Net sales ended the first three months of the year down 14.2% at current exchange rates compared with first-quarter 2008, impacted by the following factors:

    • A 24.4% fall in volumes, reflecting the sharp drop in tire demand in every market except China.
    • A strong 11.0% positive impact from the price mix, which further improved for the sixth quarter in a row, led by the full-year impact of price increases implemented throughout 2008 in response to higher commodity prices. This assertive pricing policy was pursued in early 2009, with price adjustments in countries whose currency weakened against the euro, such as the UK, the Central European countries, Russia, South Korea, Brazil and Mexico.
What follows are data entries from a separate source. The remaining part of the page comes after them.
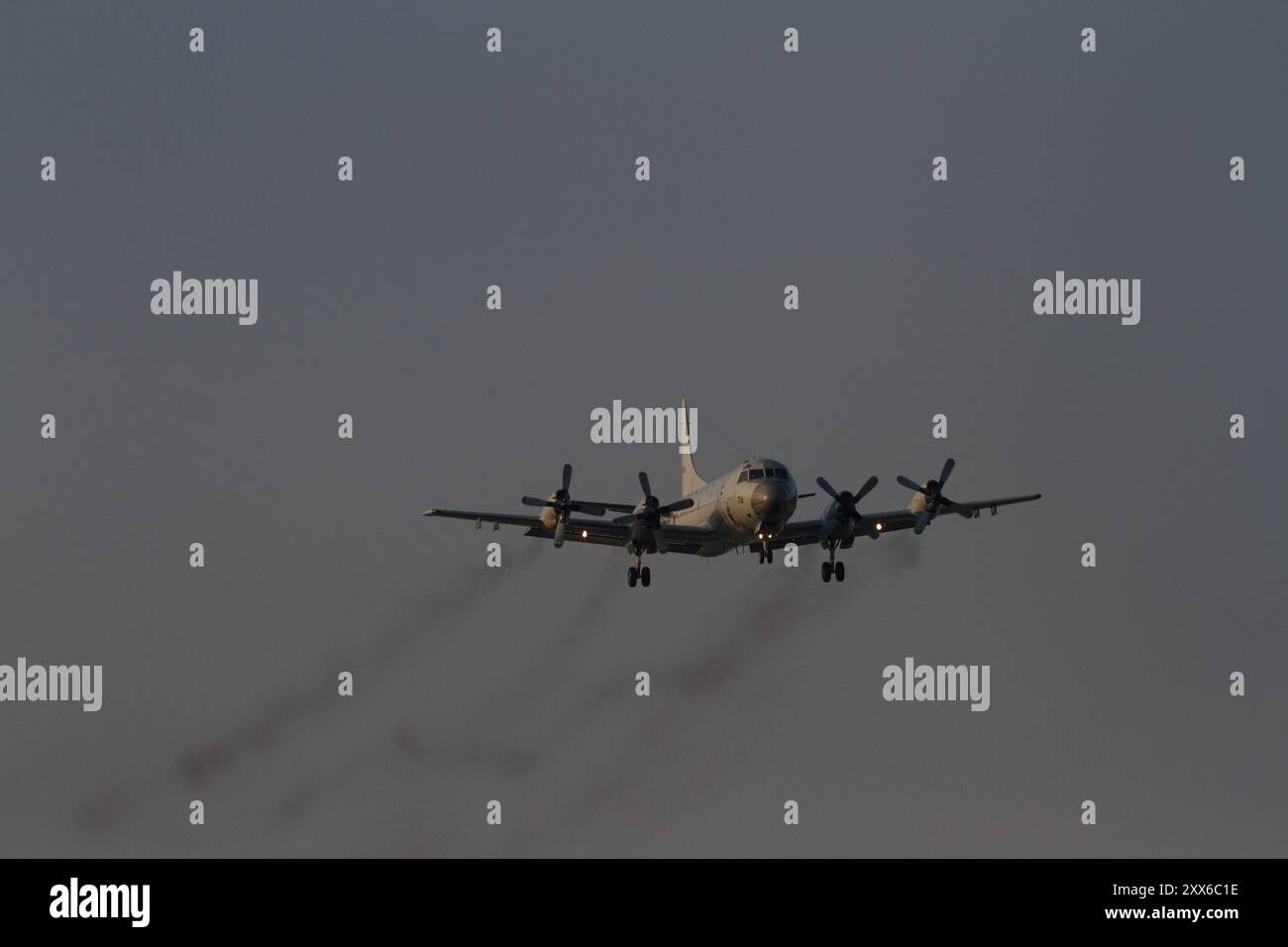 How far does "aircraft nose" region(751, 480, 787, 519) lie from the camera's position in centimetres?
8412

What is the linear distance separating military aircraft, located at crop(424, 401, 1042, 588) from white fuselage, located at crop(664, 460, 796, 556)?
0.04m

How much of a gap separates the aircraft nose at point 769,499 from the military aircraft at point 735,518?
4 cm

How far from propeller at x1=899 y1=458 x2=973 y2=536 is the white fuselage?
6530 mm

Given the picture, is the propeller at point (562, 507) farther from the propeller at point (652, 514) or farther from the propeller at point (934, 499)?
the propeller at point (934, 499)

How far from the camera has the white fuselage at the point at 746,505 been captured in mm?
84375

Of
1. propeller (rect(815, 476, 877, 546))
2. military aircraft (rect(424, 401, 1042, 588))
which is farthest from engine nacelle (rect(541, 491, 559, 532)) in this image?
propeller (rect(815, 476, 877, 546))

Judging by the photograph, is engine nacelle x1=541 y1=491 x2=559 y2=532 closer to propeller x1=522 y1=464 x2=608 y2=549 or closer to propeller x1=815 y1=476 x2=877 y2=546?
propeller x1=522 y1=464 x2=608 y2=549

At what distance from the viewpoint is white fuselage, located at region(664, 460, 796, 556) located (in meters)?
84.4

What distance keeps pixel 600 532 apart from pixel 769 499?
8.61 meters

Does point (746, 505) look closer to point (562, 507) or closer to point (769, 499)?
point (769, 499) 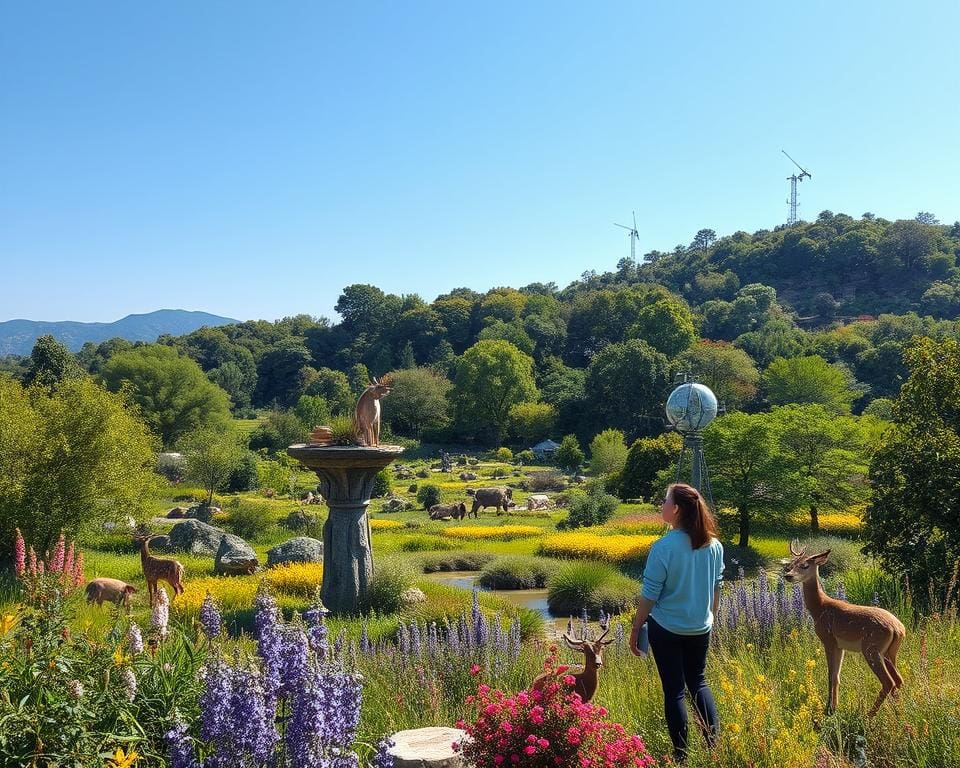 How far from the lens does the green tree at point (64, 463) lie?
15258 mm

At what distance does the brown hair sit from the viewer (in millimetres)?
4719

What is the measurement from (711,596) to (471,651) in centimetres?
266

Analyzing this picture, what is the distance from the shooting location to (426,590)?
1313 centimetres

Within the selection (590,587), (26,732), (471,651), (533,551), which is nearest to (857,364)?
(533,551)

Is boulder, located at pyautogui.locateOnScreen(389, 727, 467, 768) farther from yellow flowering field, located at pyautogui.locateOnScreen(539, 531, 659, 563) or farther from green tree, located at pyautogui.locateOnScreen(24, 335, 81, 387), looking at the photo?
green tree, located at pyautogui.locateOnScreen(24, 335, 81, 387)

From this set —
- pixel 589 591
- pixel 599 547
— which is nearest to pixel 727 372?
pixel 599 547

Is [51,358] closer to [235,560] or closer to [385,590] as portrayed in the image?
[235,560]

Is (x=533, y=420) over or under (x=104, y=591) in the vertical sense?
over

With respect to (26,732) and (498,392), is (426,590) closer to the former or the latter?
(26,732)

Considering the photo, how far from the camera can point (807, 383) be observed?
4931cm

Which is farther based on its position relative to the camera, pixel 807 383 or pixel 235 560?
pixel 807 383

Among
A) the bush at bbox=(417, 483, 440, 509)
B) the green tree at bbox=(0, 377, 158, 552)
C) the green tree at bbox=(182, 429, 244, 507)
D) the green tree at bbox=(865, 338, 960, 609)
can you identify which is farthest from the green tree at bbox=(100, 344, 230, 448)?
the green tree at bbox=(865, 338, 960, 609)

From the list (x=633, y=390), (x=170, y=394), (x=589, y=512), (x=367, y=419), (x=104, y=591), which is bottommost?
(x=589, y=512)

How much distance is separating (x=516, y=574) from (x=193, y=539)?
929 centimetres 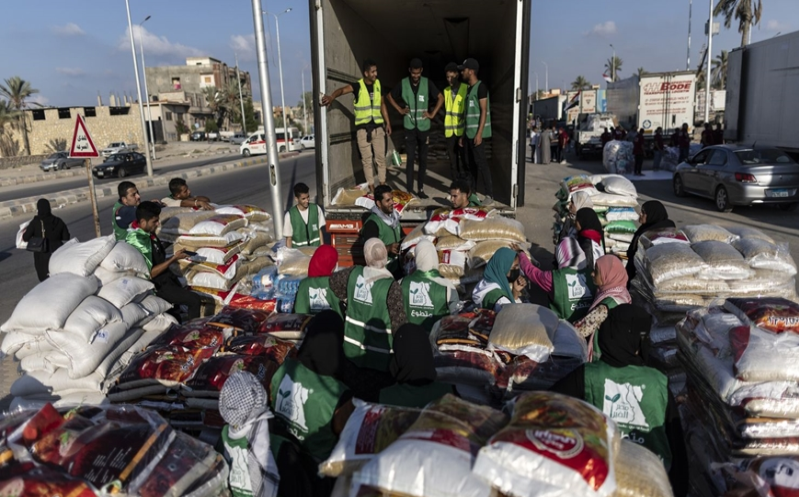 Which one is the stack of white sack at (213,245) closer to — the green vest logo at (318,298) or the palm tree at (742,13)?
the green vest logo at (318,298)

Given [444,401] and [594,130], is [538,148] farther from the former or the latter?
[444,401]

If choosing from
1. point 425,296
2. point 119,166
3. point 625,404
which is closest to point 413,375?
point 625,404

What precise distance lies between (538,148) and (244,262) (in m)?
18.8

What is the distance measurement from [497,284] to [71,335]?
3.19 metres

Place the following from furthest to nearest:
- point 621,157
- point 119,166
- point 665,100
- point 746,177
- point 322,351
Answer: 1. point 119,166
2. point 665,100
3. point 621,157
4. point 746,177
5. point 322,351

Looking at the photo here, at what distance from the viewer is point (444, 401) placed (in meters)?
2.38

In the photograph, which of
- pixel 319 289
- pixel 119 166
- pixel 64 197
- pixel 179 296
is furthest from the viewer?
pixel 119 166

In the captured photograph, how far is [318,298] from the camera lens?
457 centimetres

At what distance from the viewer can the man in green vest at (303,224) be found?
6.71 m

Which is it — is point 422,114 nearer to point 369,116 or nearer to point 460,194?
point 369,116

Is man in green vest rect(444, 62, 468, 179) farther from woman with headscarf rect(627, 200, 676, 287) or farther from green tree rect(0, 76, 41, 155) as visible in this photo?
green tree rect(0, 76, 41, 155)

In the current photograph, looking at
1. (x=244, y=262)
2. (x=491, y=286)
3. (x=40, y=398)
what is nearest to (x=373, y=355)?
(x=491, y=286)

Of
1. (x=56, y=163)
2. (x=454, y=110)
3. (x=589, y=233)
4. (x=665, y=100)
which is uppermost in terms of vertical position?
(x=665, y=100)

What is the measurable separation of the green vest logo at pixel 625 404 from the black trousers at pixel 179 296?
3934 millimetres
These price increases have generally held in a persistently competitive market.

The brand mix continued to move upmarket, thanks to firm resistance by the MICHELIN brand and a favorable replacement/OE market mix.

    • A positive 2.2% currency effect, primarily due to gains against the euro by the US dollar (up 15%) and, to a lesser extent, the Chinese yuan (up 20%), which more than offset declines in the Canadian dollar (down 7%), the Brazilian real (down 14%) and the British pound (down 17%).
  • NET SALES BY REPORTING SEGMENT

-PASSENGER CAR, LIGHT TRUCK AND RELATED DISTRIBUTION

Net sales stood at €1,946 million for the first three months of the year, down 9.8% from first-quarter 2008 despite a much steeper-than-expected fall-off in business.

  • o The 2008 price increases had a highly favorable impact.
  • o The OE/replacement market mix was also positive, while the segment/speed rating mix continued to improve over the period, led by the steady increase in the percentage of premium models in new car sales in recent years.
  • o The MICHELIN brand had a good quarter overall, particularly in the Replacement segment, when customer demand remains strong for value-delivering tier-1 brands like MICHELIN.

-TRUCK AND RELATED DISTRIBUTION

Net sales declined 24.2% year-on-year to €1,006 million in first-quarter 2009, primarily due to the collapse in demand in most truck tire markets around the world, which was extremely sharp in the OE segment.

-SPECIALTY BUSINESSES

Net sales from the Specialty Businesses amounted to €561 million for the first three months of the year, a 7.6% decline from first-quarter 2008.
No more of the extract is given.